Offshore wind energy has very recently begun expanding into subarctic regions with seasonally ice-infested waters like the Baltic Sea. For offshore wind turbines with conventional support structures such as monopiles and jackets that are typically flexible and vertically sided, the phenomenon known as ice-induced vibrations can develop. In response to the growing interest in offshore wind in the Baltic Sea and in further validating a state-of-the-art numerical model for ice-structure interaction, the Ice-induced Vibrations of Offshore Structures
(IVOS) project has been coordinated with the Hamburg Ship Model Basin (HSVA) and many academic and industry partners—including TU Delft and NTNU—in order to enhance understanding of the topic via a comprehensive laboratory testing campaign.
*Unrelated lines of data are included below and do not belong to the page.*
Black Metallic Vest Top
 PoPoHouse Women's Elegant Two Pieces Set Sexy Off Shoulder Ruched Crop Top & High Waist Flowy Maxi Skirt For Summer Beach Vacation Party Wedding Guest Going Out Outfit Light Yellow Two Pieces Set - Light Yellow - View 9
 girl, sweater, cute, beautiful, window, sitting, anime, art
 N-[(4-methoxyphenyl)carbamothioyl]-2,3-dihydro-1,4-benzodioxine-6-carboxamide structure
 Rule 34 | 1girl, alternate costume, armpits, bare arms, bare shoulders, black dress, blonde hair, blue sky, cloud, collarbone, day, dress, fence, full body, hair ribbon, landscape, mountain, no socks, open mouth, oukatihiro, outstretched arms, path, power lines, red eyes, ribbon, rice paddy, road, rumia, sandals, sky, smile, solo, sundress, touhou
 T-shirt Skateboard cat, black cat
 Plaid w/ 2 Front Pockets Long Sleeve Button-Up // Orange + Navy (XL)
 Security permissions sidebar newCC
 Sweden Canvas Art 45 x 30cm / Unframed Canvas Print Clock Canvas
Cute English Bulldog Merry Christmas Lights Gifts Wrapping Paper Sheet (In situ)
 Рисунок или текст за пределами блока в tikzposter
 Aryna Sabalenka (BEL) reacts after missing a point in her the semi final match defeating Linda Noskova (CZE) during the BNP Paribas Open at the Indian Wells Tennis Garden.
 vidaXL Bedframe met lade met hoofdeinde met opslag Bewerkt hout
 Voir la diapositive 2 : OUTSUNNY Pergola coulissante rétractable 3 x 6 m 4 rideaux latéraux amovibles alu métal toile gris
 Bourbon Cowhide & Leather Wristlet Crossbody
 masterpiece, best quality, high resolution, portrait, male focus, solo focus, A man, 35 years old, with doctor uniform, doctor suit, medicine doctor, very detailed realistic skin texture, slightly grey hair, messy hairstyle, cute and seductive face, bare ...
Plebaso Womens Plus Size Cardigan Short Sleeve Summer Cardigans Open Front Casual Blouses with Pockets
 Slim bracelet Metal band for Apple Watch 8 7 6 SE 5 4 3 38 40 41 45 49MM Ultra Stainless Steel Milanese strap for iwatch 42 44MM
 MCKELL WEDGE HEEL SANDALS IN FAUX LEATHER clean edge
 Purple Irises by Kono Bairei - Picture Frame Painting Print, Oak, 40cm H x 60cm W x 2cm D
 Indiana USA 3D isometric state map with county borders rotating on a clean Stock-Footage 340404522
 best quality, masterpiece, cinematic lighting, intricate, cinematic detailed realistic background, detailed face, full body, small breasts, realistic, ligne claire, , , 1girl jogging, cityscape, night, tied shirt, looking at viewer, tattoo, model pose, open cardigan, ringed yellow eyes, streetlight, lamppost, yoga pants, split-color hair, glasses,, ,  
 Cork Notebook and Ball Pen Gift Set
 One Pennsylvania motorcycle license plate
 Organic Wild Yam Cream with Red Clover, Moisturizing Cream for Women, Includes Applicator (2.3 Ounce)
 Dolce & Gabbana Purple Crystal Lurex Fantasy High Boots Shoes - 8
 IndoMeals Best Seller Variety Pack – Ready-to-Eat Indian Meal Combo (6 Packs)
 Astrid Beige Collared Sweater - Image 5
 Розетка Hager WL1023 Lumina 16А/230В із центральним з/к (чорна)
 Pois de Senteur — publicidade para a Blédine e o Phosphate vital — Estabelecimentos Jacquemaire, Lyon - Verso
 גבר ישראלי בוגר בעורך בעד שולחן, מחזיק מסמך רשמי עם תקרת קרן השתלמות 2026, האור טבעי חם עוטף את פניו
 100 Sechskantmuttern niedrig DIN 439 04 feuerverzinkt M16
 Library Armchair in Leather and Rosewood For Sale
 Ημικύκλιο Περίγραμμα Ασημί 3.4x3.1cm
In this thesis, specific data are selected fromthe extensive IVOS Phase 2 tests such that a comparative analysis is performed between two different model-scale structures, one with circular cross-section and another with rectangular cross-section, that were subjected to ice-induced vibrations in the frequency lock-in regime. Preceding the comparative analysis, the data from the IVOS Phase 2 tests are organized into a database and post-processing tools are developed to facilitate further research by supplying analysis-ready data sets. Included in the post-processing tools is an attempt to determine ice-induced global loads from uncalibrated tactile sensor data, which offers insight into the relationship between the relative pressure distributions along the ice-structure interface and the ice-induced global forces on the model structure.
The comparative analysis garnered qualitative information about the frequency lock-in regime and buckling failure of ice. It is observed that frequency lock-in vibrations usually persisted regardless of buckling events. For the frequency lock-in regime, the ice-induced global loads on the circular cross-section structure are generally lower than those for the rectangular cross-section structure. It is unclear whether the difference in global loads between the structures is caused by the difference in cross-sectional shape, other structural properties, ice properties, or combinations thereof. The analysis of the energy of the system is intriguing but does not offer lucid conclusions. However, the quasi-figure-eight pattern from the x-direction and derived y-direction structural displacements is an enlightening discovery that may explain inconsistencies in the energy of the system. Based on the general configuration of the test apparatus from the IVOS Phase 2 tests and the results from the comparative analysis, it can be concluded that ice-induced vibrations of the model-scale structures in the frequency lock-in regime should be regarded as a two-dimensional problem.